The Anchorage Museum has around 27,000 objects in its collections, from tiny flecks of gold to massive paintings that take up an entire wall. For nearly five months, museum staff have been painstakingly going through every object, looking for damage from the 7.1 earthquake that struck Southcentral Alaska on Nov. 30. With a few thousand objects left to inspect, so far only a handful have been identified with damage, all of which is repairable, according to Monica Shah, director of collections and chief conservator.
While most of the museum reopened quickly after the earthquake, the Smithsonian Arctic Studies Center remained closed until today. The center houses around 600 objects on long-term loan from the National Museum of Natural History and the National Museum of the American Indian.
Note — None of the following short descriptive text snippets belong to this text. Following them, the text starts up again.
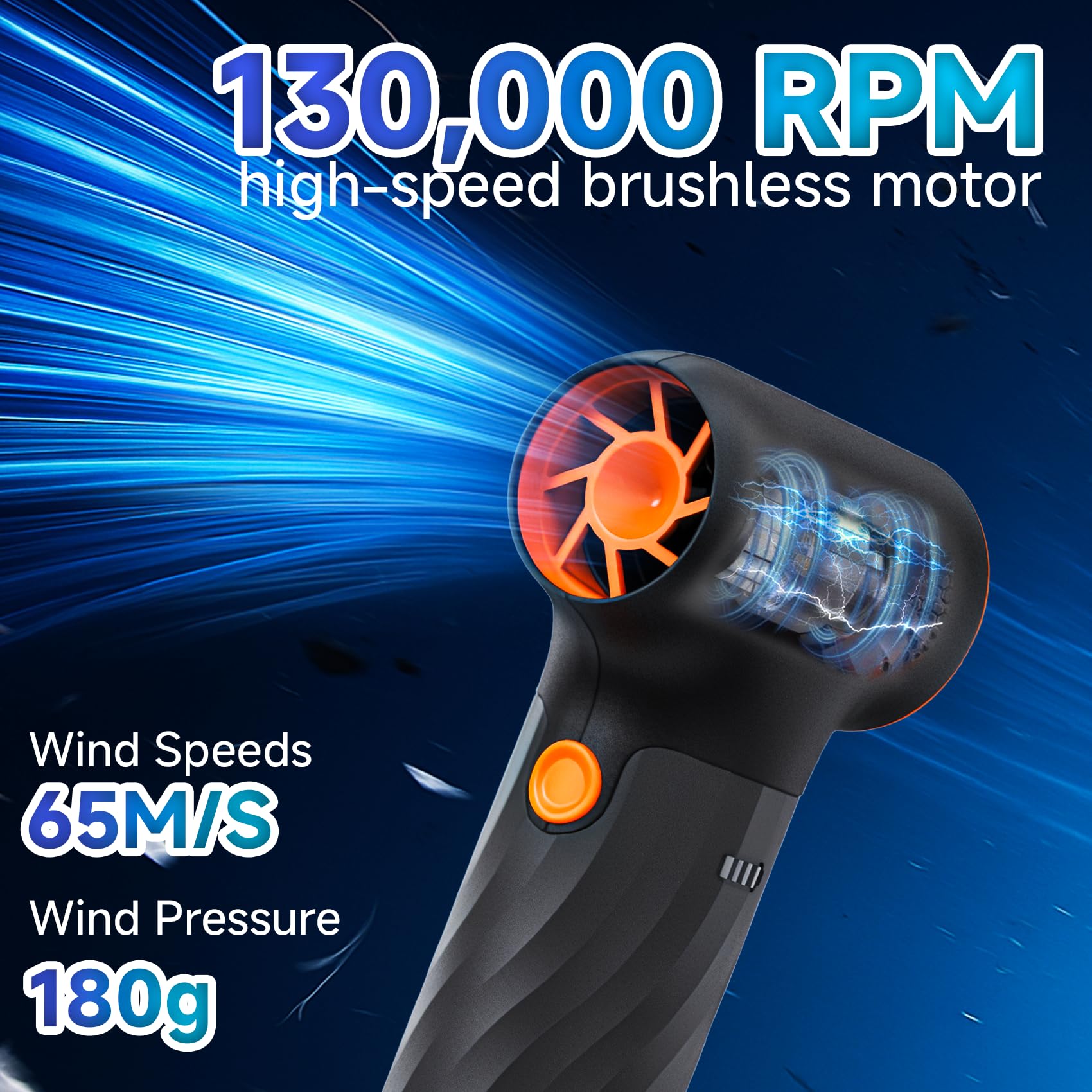 Electric Air Duster - 130,000 RPM Cordless Blower For PC, Electronics & Car Cleaning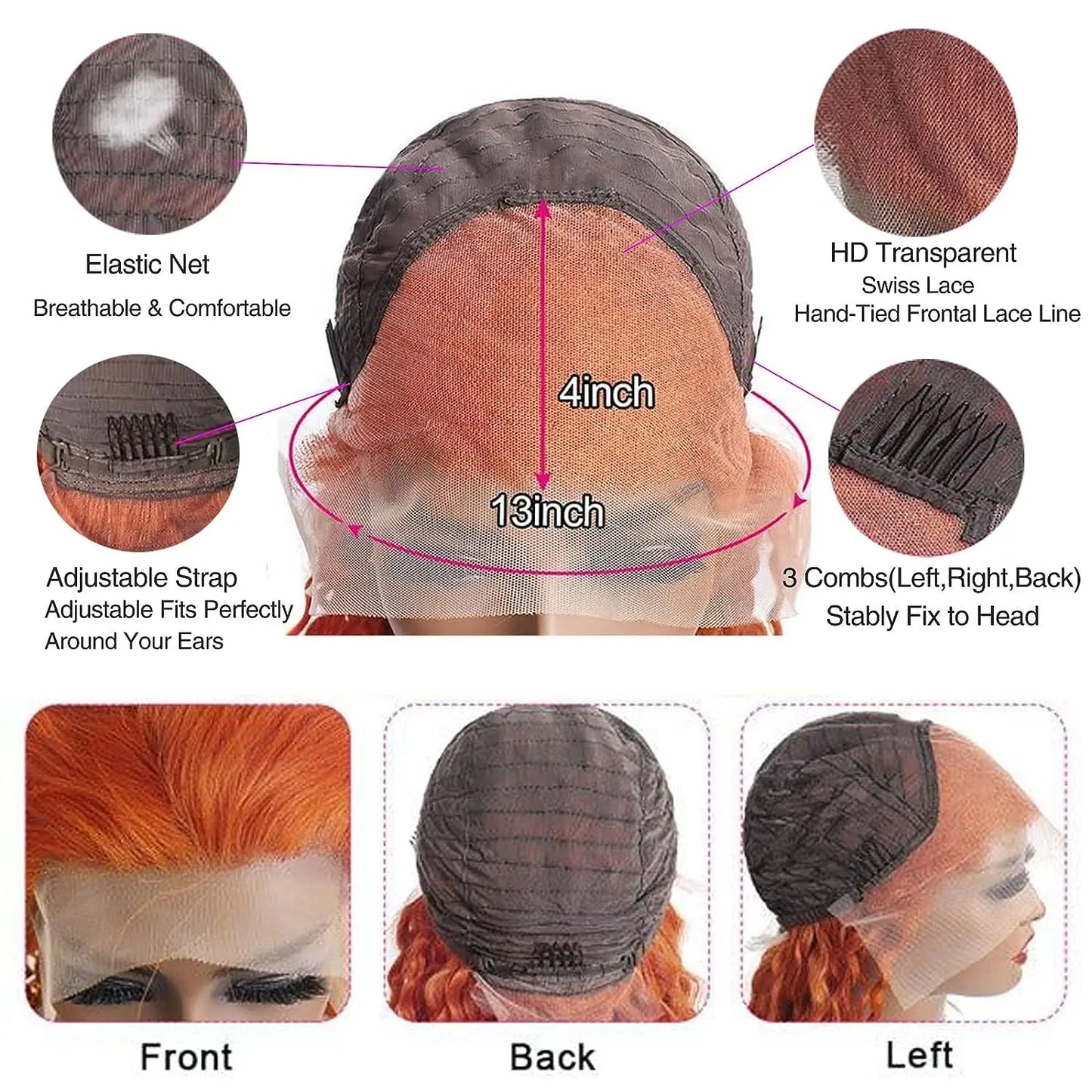 Ginger Orange Body Wave HD Lace Frontal Wig | 100% Brazilian Human Hair Glueless Wig | 30-40 Inch High-Density Pre-Plucked Transparent Swiss Lace Frontal Wig Luxegan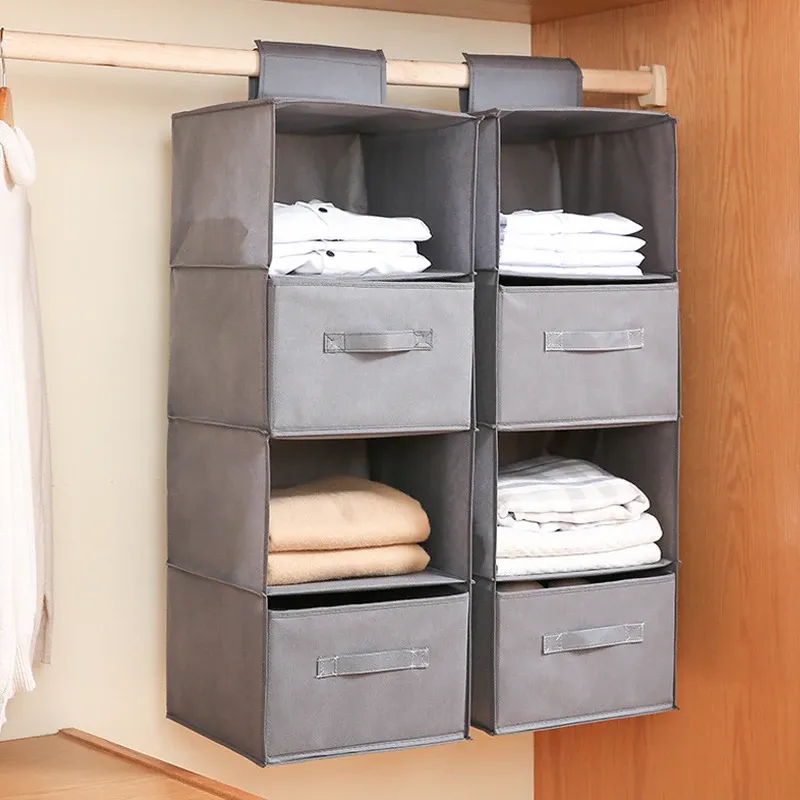 Organisateur suspendu pliable en coton et lin, style tiroir 5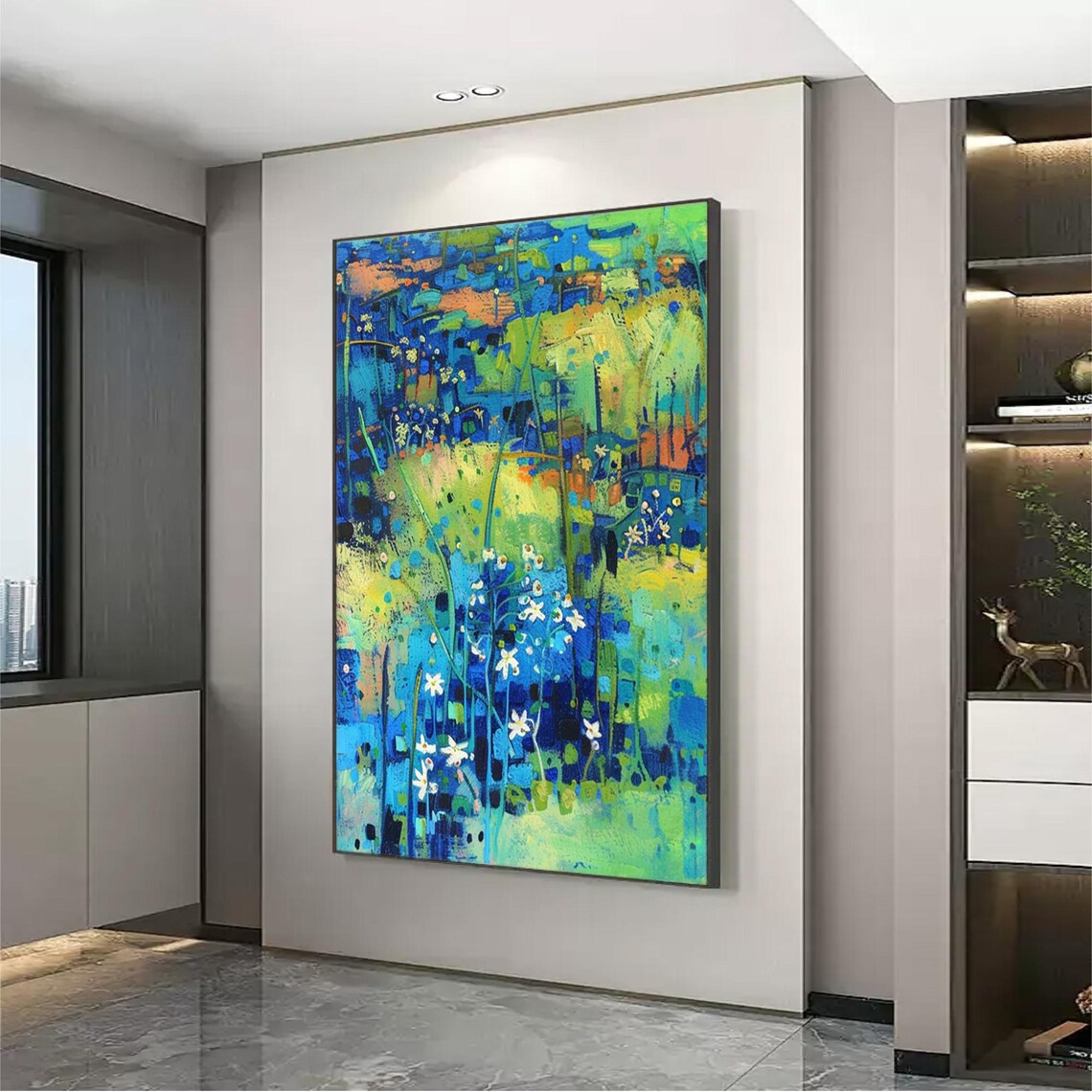 Blue and Green Abstract Wildflower Meadow Oil Painting Poster - Image 2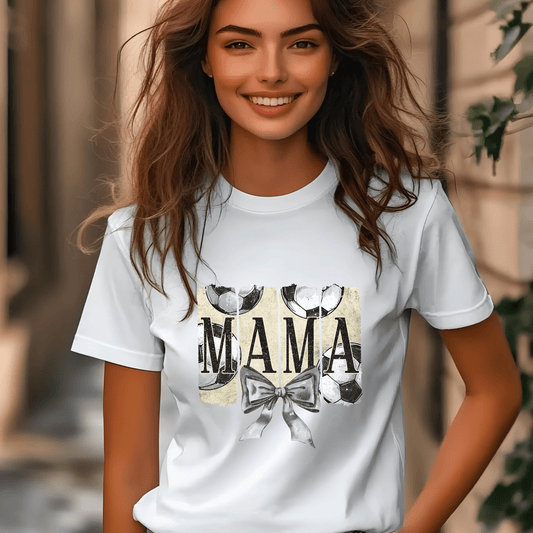 Ink and Charms Designs T-Shirt Soccer Mom Hoodie- Stylish Sideline Apparel with Bow Design
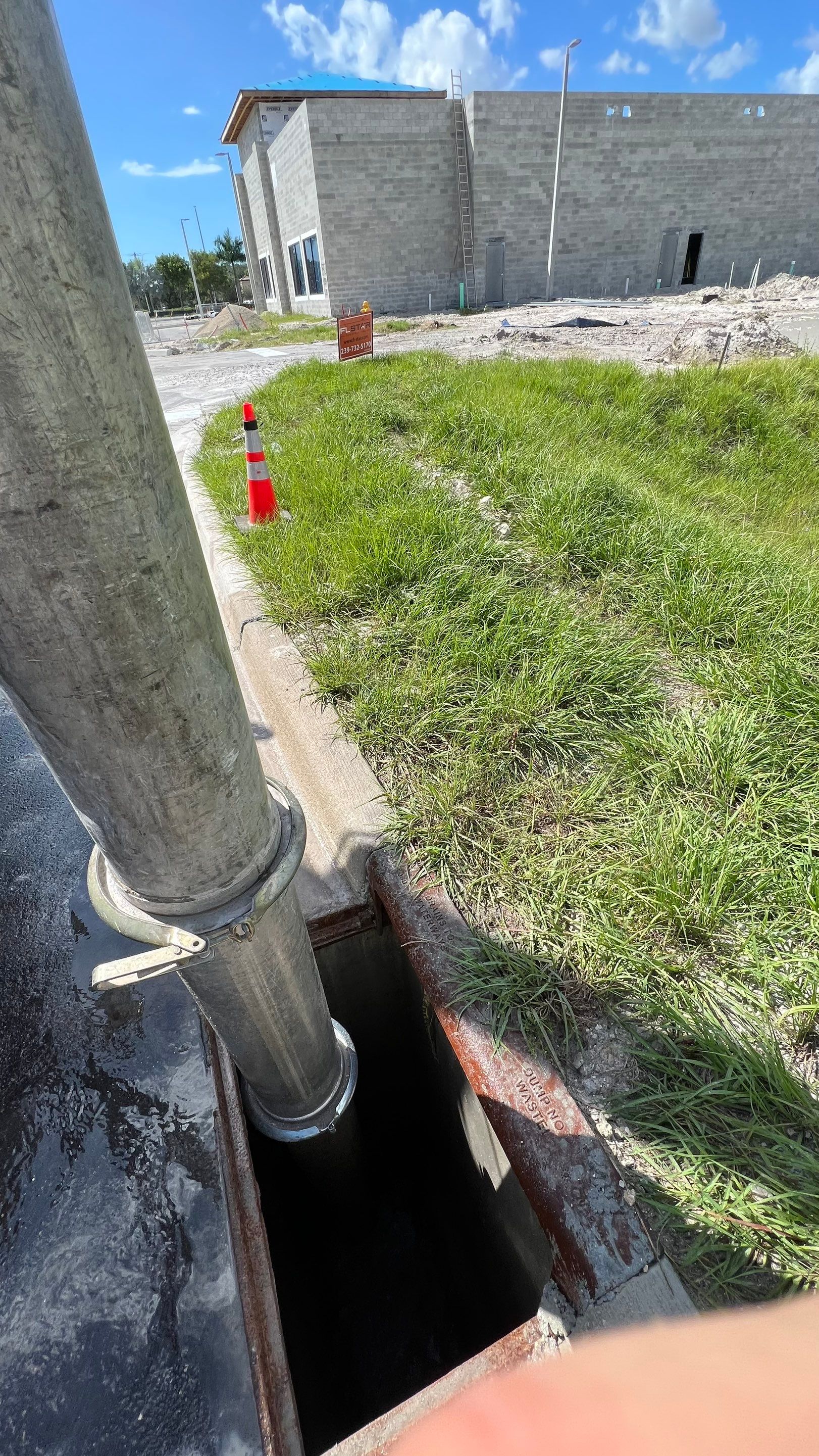 New Construction Storm Drain System Cleaning by APS Power & Water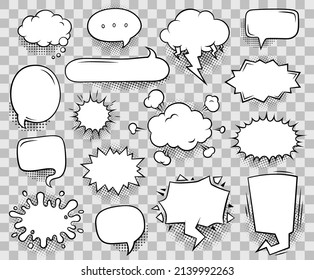 Retro comics speech bubbles in pop art style. Doodle dialogue balloons, thought clouds, sound explosions and splashes. Cool comic talk and sounds effect vector set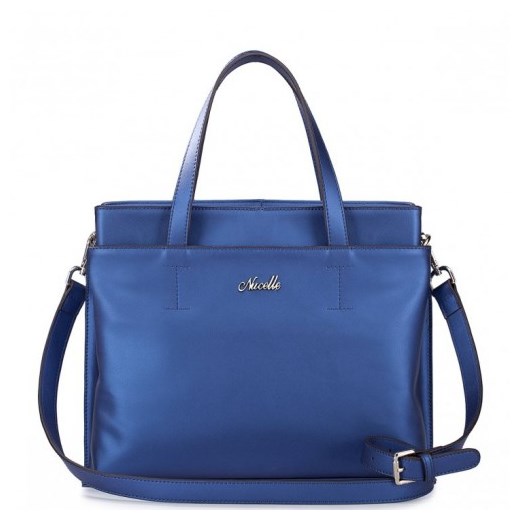 Pojemna torba niebieski wizytowe-torebki-pl niebieski bez wzorów/nadruków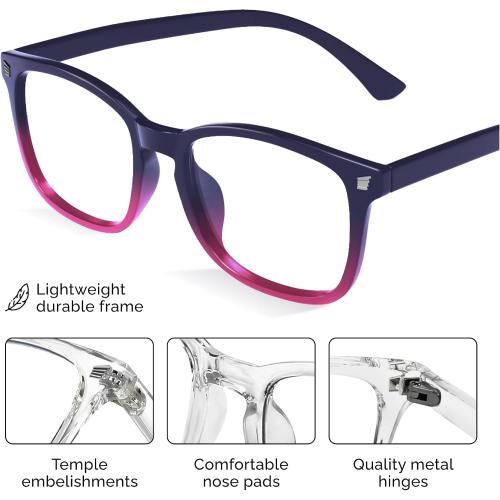 livho Blue Light Blocking Glasses, Computer Reading/Gaming/TV/Phones Glasses for Women Men,Anti Eyestrain & UV Glare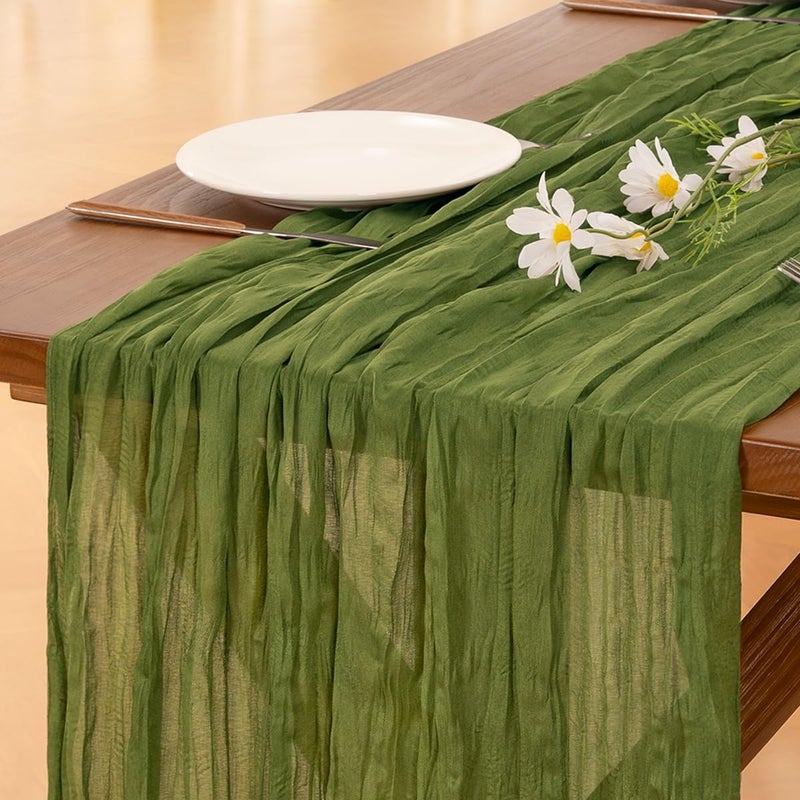 Socomi 3pcs Olive Green Spring Summer Cheesecloth Table Runner Boho Rustic Gauze 120 inch 10FT Cheese Cloth Runner for Wedding Party Baby Shower Birthday Home Decor Holiday Decorations - Image 1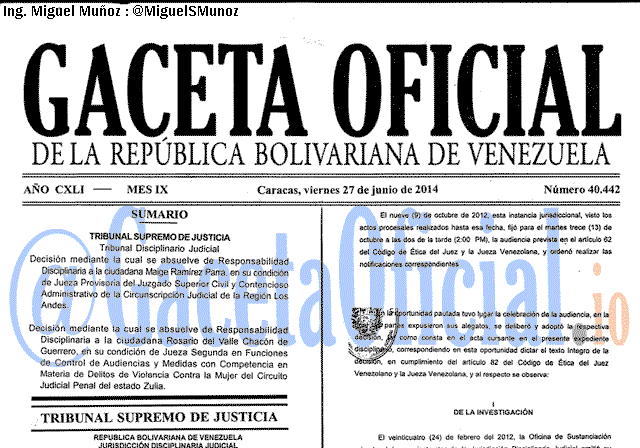 Gaceta Oficial 40442 del 27 Junio 2014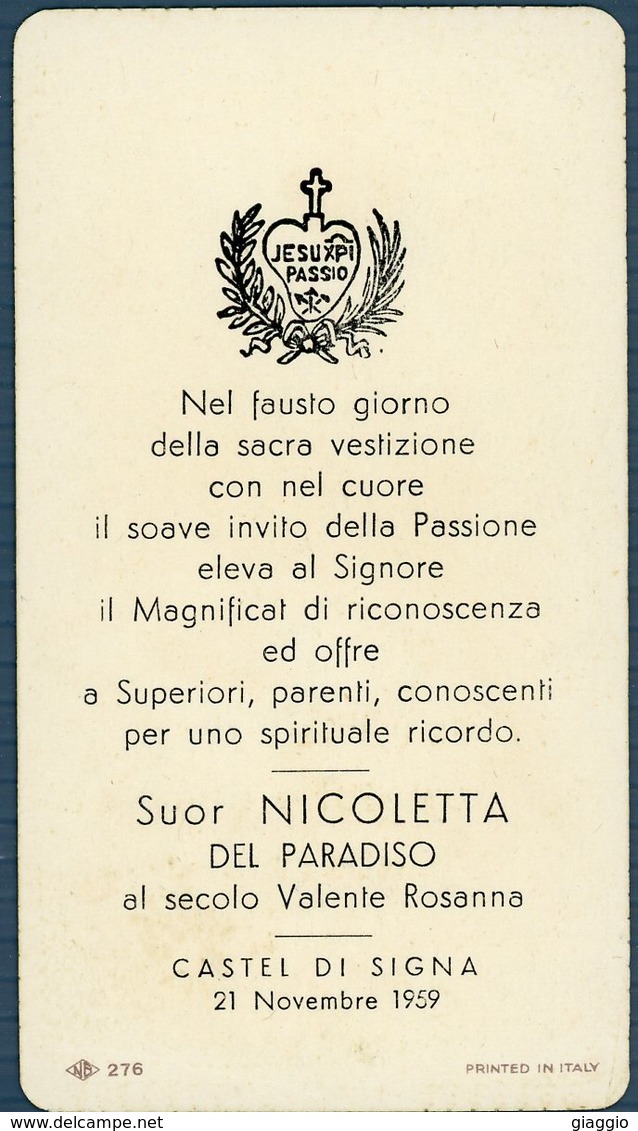 °°° Santino N. 651 - Ricordo Della Professione Religiosa Di Suor Nicoletta Signa (fi) 22 Novembre 1960  °°° - Firenze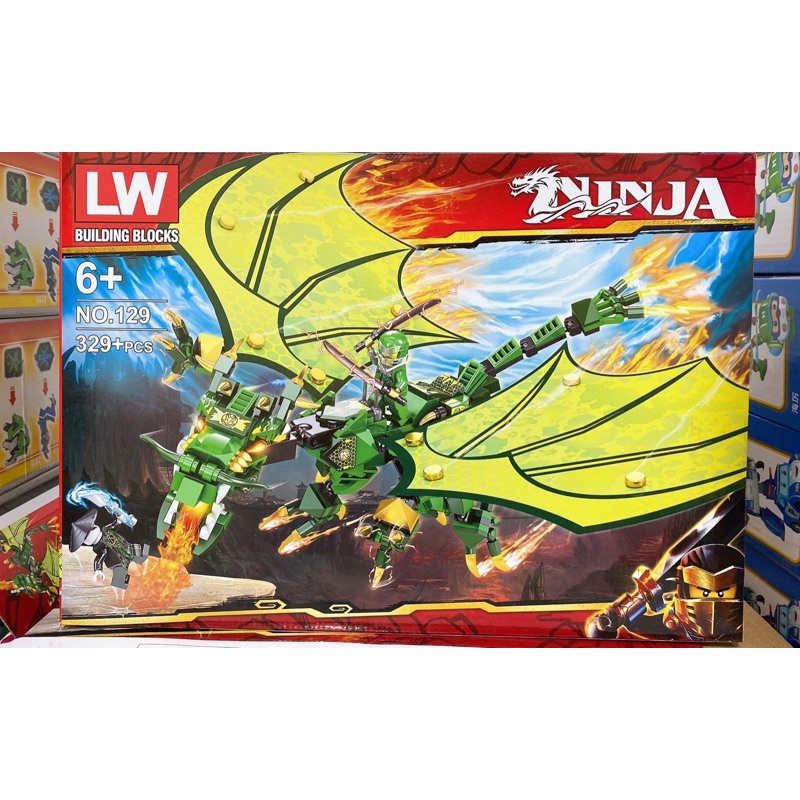 Lắp ráp xếp hình LW 128 Zimo ZM1803 Rồng Xanh Rồng đỏ của Kai và Jay ninjago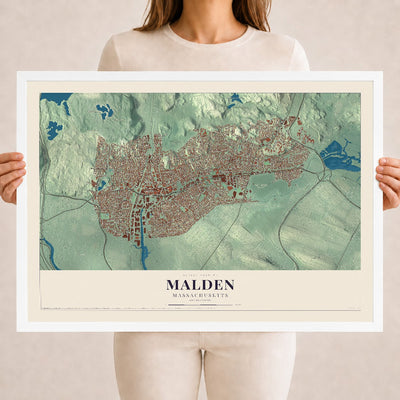 Malden, Massachusetts map print - 18 x 24 white Ayous wood frame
Most of the objects in the Arctic Studies Center are housed in floor-to-ceiling glass display cases, and during the earthquake and subsequent aftershocks four of the 12- by 6-foot panels cracked. Specialists from the display case manufacturer, Kubik-Maltbie, traveled to Anchorage a week after the earthquake to examine the cases and begin the repair process. Replacement glass had to be custom ordered from a manufacturer in Ontario.
In early February, conservators and registrars from the Smithsonian came to inspect all the objects and move about 200 of them to temporary storage while the display cases were repaired. When the glass arrived in mid-March, Kubik-Maltbie returned to begin the repair process, working 10-hour days, six days a week. Replacing each panel took a week.
Earlier this week, a smaller crew from the Smithsonian returned to move most of the objects back into the repaired display cases. “We try not to touch the objects when they are moved,” said Shah. On Friday, she was finishing up moving the last few objects, Yup’ik masks, into their cases.